Mérito? Não é aqui

Se os senhores brigadeiros não avaliam o mérito — e a legalidade — de seus próprios atos, que raio estão fazendo nos seus postos? Estamos falando da Força Aérea Brasileira, santo Deus!

O Flying Dutchman (Holandês Voador)

J.R. Guzzo

Velhos marinheiros dos sete mares contam até hoje, geralmente em voz baixa, a história do Flying Dutchman. Não é uma história confortável. O Flying Dutchman, ou Holandês Voador, levantou âncora das docas de Amsterdã em 1751, rumo a Java, e depois de uma tormenta no Cabo da Boa Esperança nunca mais foi visto; naufrágio com perda total da carga e da tripulação, publicou-se nos boletins marítimos da época.

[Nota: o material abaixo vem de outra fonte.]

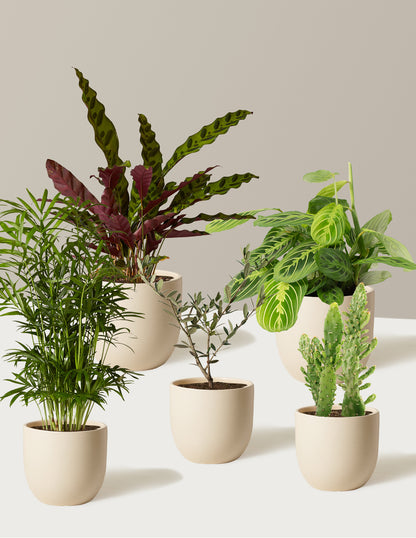 best indoor plants pet friendly Pet-Friendly Plant Parent Set with Planter - 3 Cream Planter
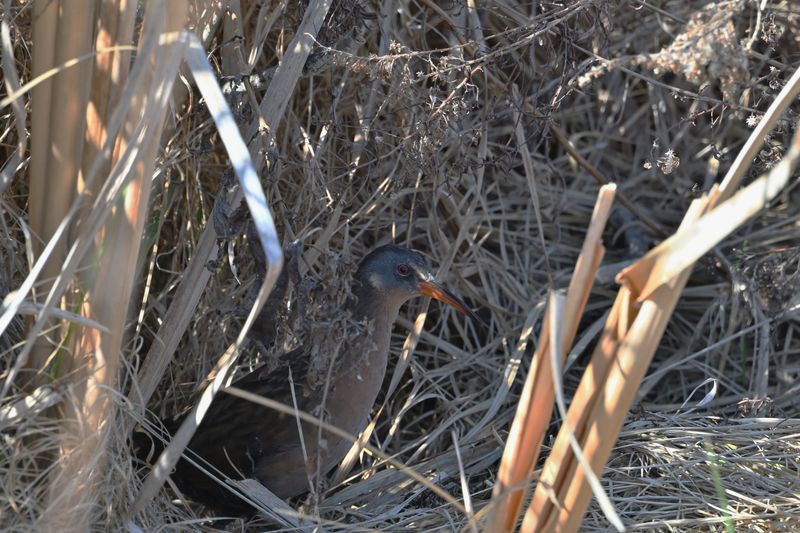 Virginia Rail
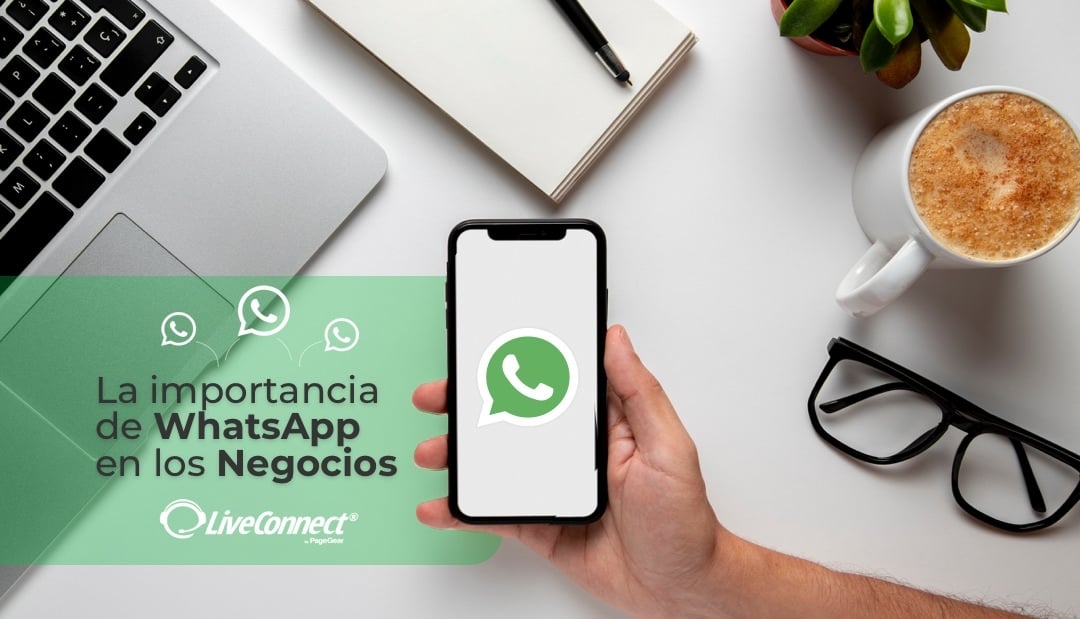 WhatsApp Business: Aprovecha todas sus ventajas para potenciar tu negocio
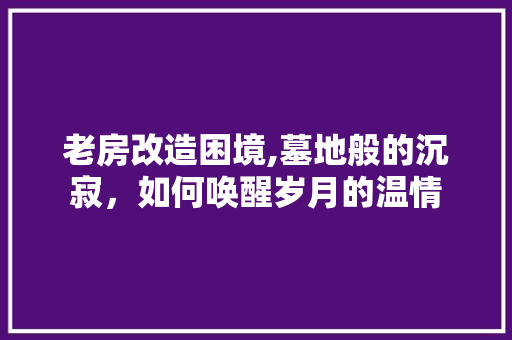 老房改造困境,墓地般的沉寂，如何唤醒岁月的温情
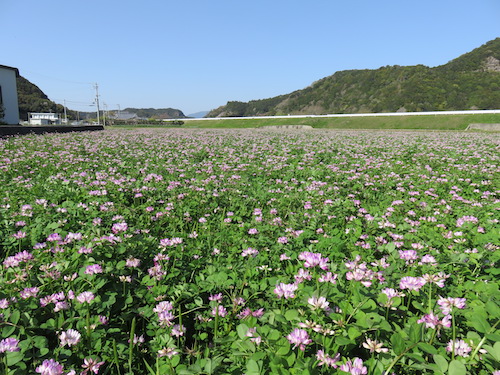 f:id:yasmee:20210324173803j:plain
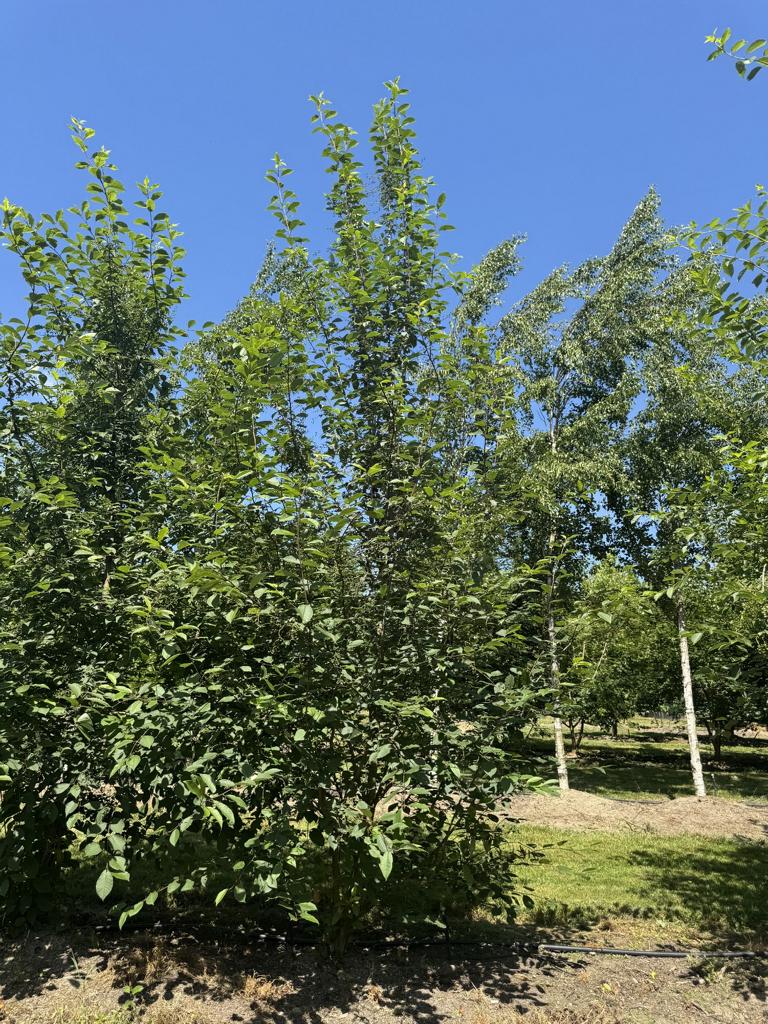 Prunus padus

O grande problema é que, alguns anos depois, o navio holandês foi visto outra vez, velejando a todo o pano, o leme firme, como se estivesse rumando para um lugar preciso, e com a mais perfeita ordem no tombadilho; não era, de jeito nenhum, um barco que tinha afundado e depois, por algum fenômeno natural, voltado à tona. Outro problema, já bem maior, é que não havia nenhum ser vivo (ou morto) ali dentro. Os tripulantes do barco que tinha feito a descoberta subiram a bordo e minutos depois, aterrorizados, chisparam de volta a seu navio e sumiram no horizonte. Desde então a lenda insiste que o Flying Dutchman continua aparecendo nos oceanos, sempre em noites de tempestade; é a famosa “nau sem rumo”. Foi cometida a bordo, explicam os velhos marujos, alguma abominação prodigiosa, tão horrível que nem o demônio tem coragem de tocar no assunto. Tudo o que se sabe é que o navio foi amaldiçoado — e a alma de seus tripulantes condenada a navegar eternamente pelo mar sem fim.

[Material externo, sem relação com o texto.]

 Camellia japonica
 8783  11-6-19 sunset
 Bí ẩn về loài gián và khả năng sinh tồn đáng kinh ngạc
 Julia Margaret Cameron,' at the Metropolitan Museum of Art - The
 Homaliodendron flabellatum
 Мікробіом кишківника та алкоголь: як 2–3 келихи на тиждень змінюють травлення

E se em lugar de Flying Dutchman falassem de “um país chamado Brasil”? Em 1º de janeiro de 2003, sob o comando do almirante de esquadra Lula da Silva, ele levantou ferros do Lago Paranoá falando em vencer mares nunca dantes navegados e em edificar um novo reino social. Hoje, onze anos após a partida e já sob o comando da imediata Dilma Rousseff, a nau continua a procurar o reino que tinha prometido. Ao contrário do barco holandês, o navio brasiliense está abarrotado de gente; só de ministros são quase quarenta, e contando os subs, mais os subs dos subs, a coisa vai para a faixa dos milhares de tripulantes. Mas está na cara que os fantasmas do Flying Dutchman levam o seu barco muito melhor que os humanos de Dilma; pelo menos sabem o que estão fazendo. Já o nosso navio — bem, é certo que algo deu fabulosamente errado com ele. Não navega para lugar nenhum. A tripulação não sabe distinguir proa de popa, e acha que o contrário de bombordo é mau bordo. A nau não perdeu o rumo — na verdade, nunca chegou a saber que rumo era esse.

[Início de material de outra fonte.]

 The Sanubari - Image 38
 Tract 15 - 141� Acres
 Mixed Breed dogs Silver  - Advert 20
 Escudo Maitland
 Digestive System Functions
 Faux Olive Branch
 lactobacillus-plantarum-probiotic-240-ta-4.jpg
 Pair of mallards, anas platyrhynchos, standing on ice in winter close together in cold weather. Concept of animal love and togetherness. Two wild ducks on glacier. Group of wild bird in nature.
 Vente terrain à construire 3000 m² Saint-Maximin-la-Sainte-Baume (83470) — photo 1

Como poderia saber alguma coisa, se a esta altura da viagem o presidente do Senado, Renan Calheiros, ainda requisita um avião militar para levá-lo de Brasília ao Recife, onde foi implantar 10 000 fios de cabelo numa clínica para carecas? O problema, é óbvio, não está com Renan; ele é assim mesmo. O problema é de quem manda nos aviões — a cadeia de comando da Aeronáutica, que só em 2013 já deixou o senador lhe passar a perna duas vezes. Nesta última, foi ao extremo de soltar uma nota oficial dizendo que não iria avaliar “o mérito” da viagem, e que sua função se limita a fornecer “a aeronave” solicitada. Como assim? Se os senhores brigadeiros não avaliam o mérito — e a legalidade — de seus próprios atos, que raio estão fazendo nos seus postos? Estamos falando da Força Aérea Brasileira, santo Deus. A lei diz que os aviões da FAB só podem ser utilizados por autoridades em atos de serviço, questões de segurança e emergência médica. Em qual caso se encaixariam, aí, os 10 000 fios de cabelo do senador? A lei diz também que desrespeitar essa norma é “infração administrativa grave”, passível de punições “civis e penais”. O comandante da FAB que serviu de piloto particular para Renan poderia perfeitamente ter pedido ao senador, com toda a educação, que lhe fizesse uma curta descrição por escrito, assinada embaixo, contando que serviço iria fazer no Recife — “mera formalidade, doutor, só isso”. Por que não agiu assim? Porque tem certeza, como toda a tripulação, de que está numa nau sem rumo onde cumprir a regra só dá confusão.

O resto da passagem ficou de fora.